(Pictures with short captions)
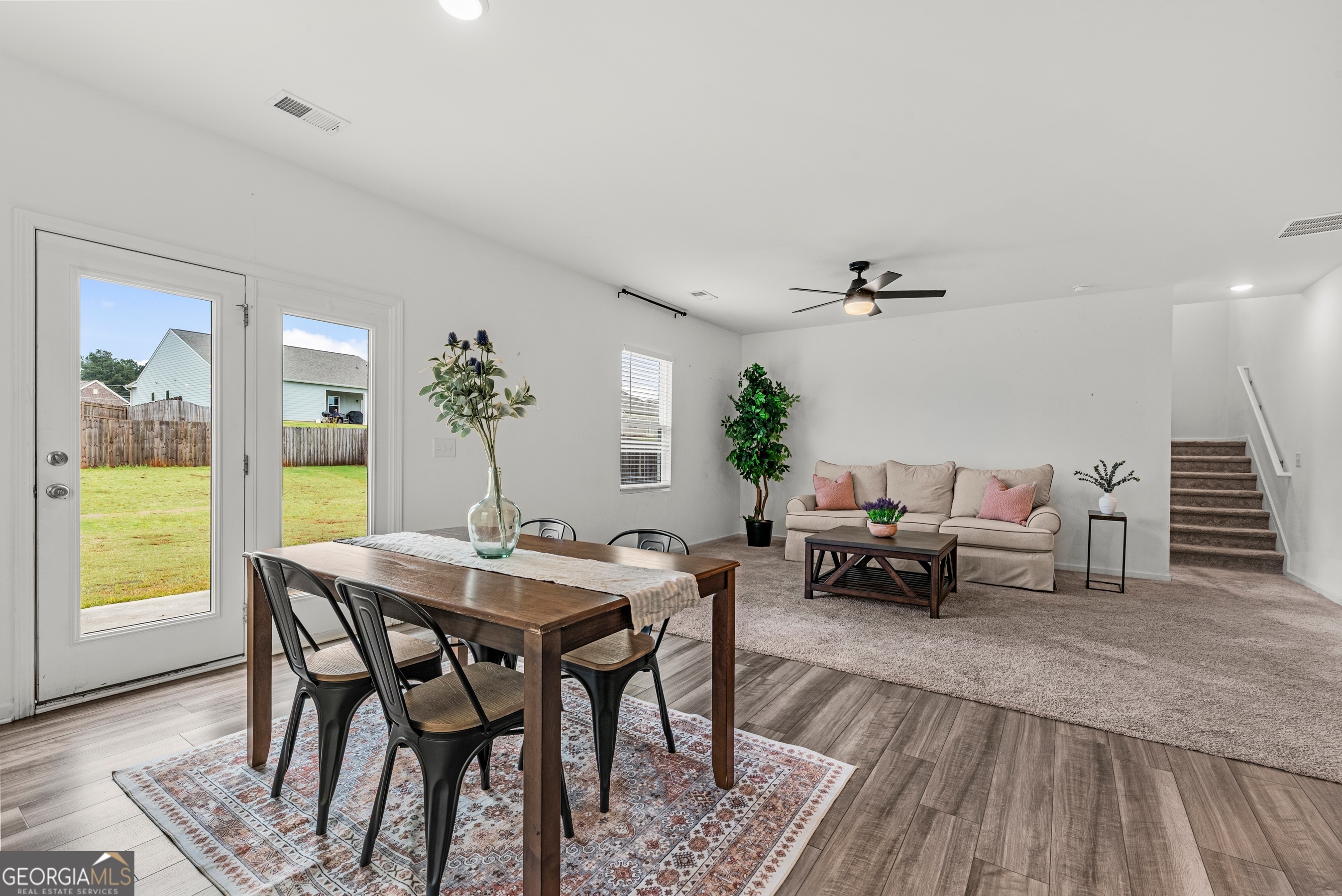 135 Ingle Drive Property Photo 8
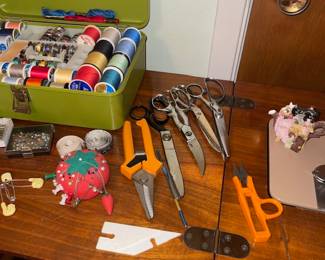 Snip, snip, watch your finger!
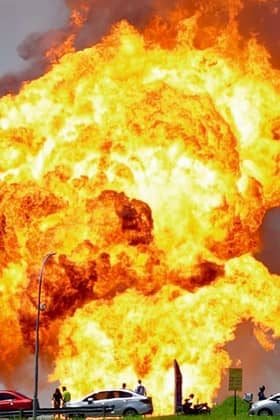 Mangsa: Gegaran seperti gempa bumi, barang rumah cair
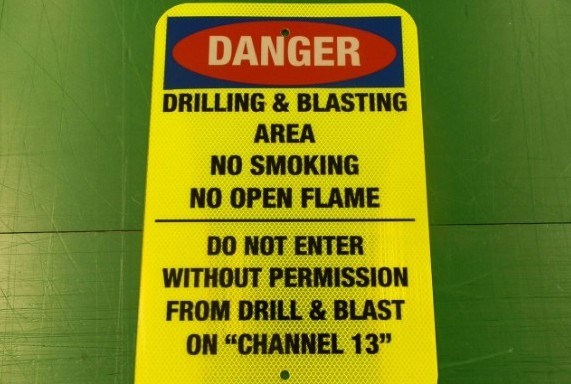 construction safety signs for Doral FL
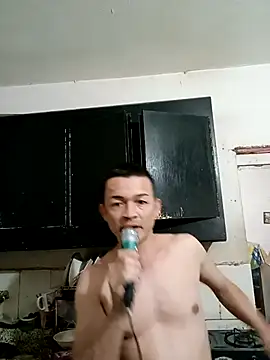 elzafiro37 online show from November 2025 10:08:01 PM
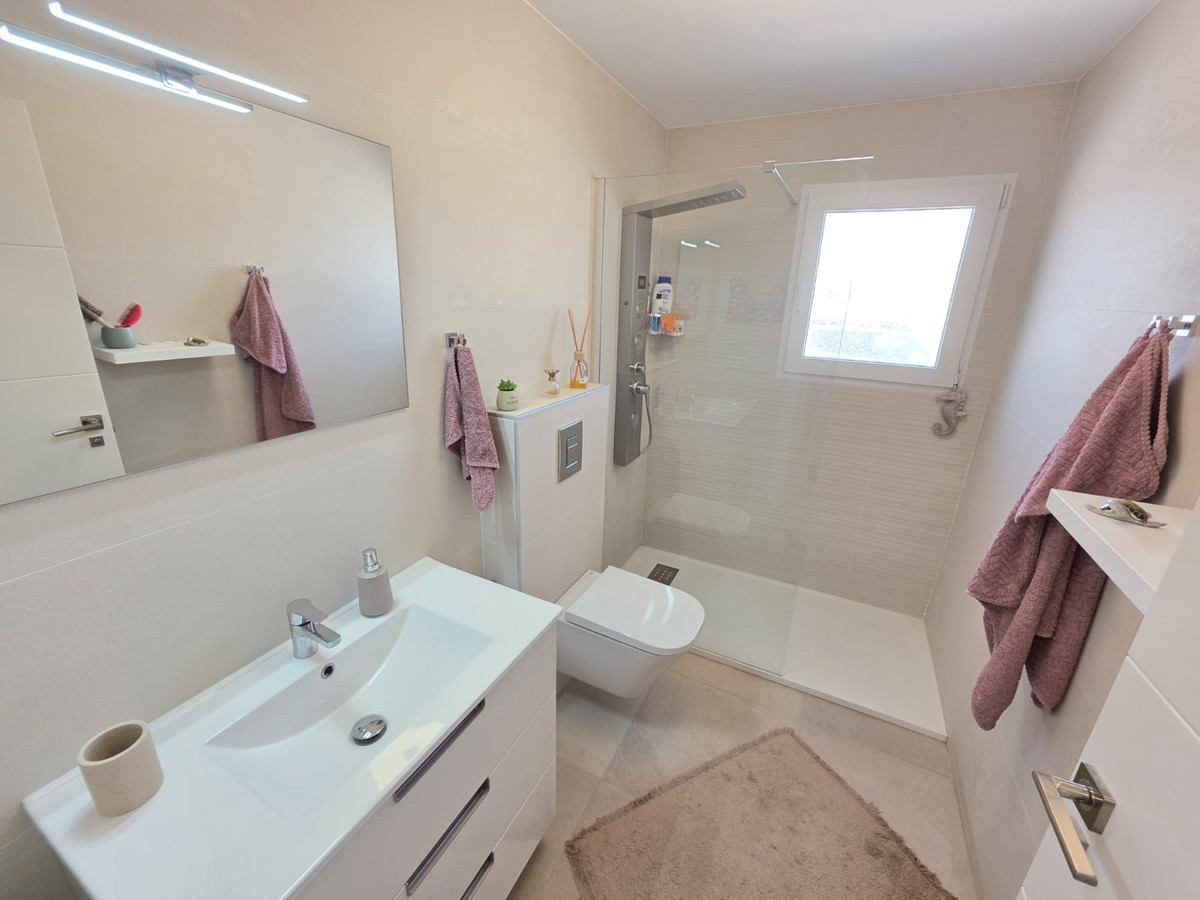 3 Bed Townhouse for sale in Pinoso Costa Blanca, Alicante, Spain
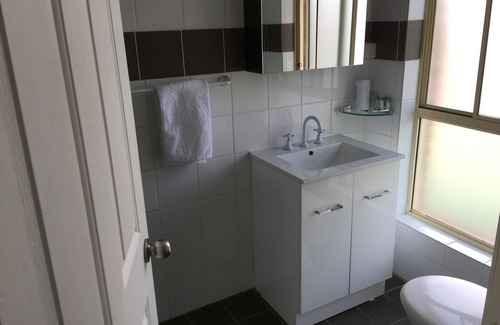 Cessnock Hotel | Top-Rated Aussie Rest Motel with Pool & Family Amenities
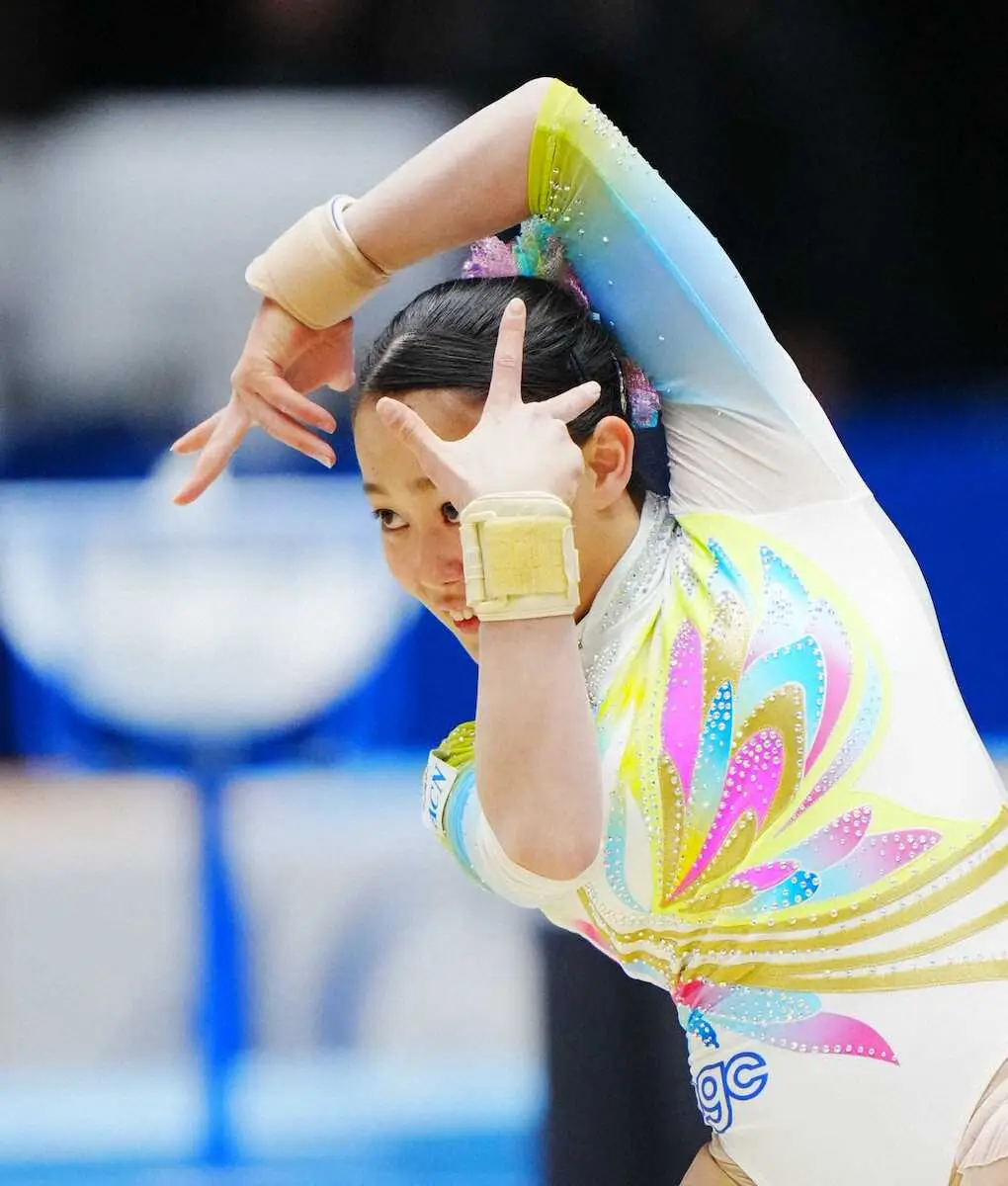 【画像・写真】＜第80回全日本体操個人総合選手権　女子決勝＞床の演技をする西山（撮影・河野　光希）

_Action item_: Transcribe all the entries precisely. Do not include any picture.

_Task result_:
 135 Ingle Drive Property Photo 8
 Snip, snip, watch your finger!
 Mangsa: Gegaran seperti gempa bumi, barang rumah cair
 construction safety signs for Doral FL
 elzafiro37 online show from November 2025 10:08:01 PM
 3 Bed Townhouse for sale in Pinoso Costa Blanca, Alicante, Spain
 Cessnock Hotel | Top-Rated Aussie Rest Motel with Pool & Family Amenities
 【画像・写真】＜第80回全日本体操個人総合選手権　女子決勝＞床の演技をする西山（撮影・河野　光希）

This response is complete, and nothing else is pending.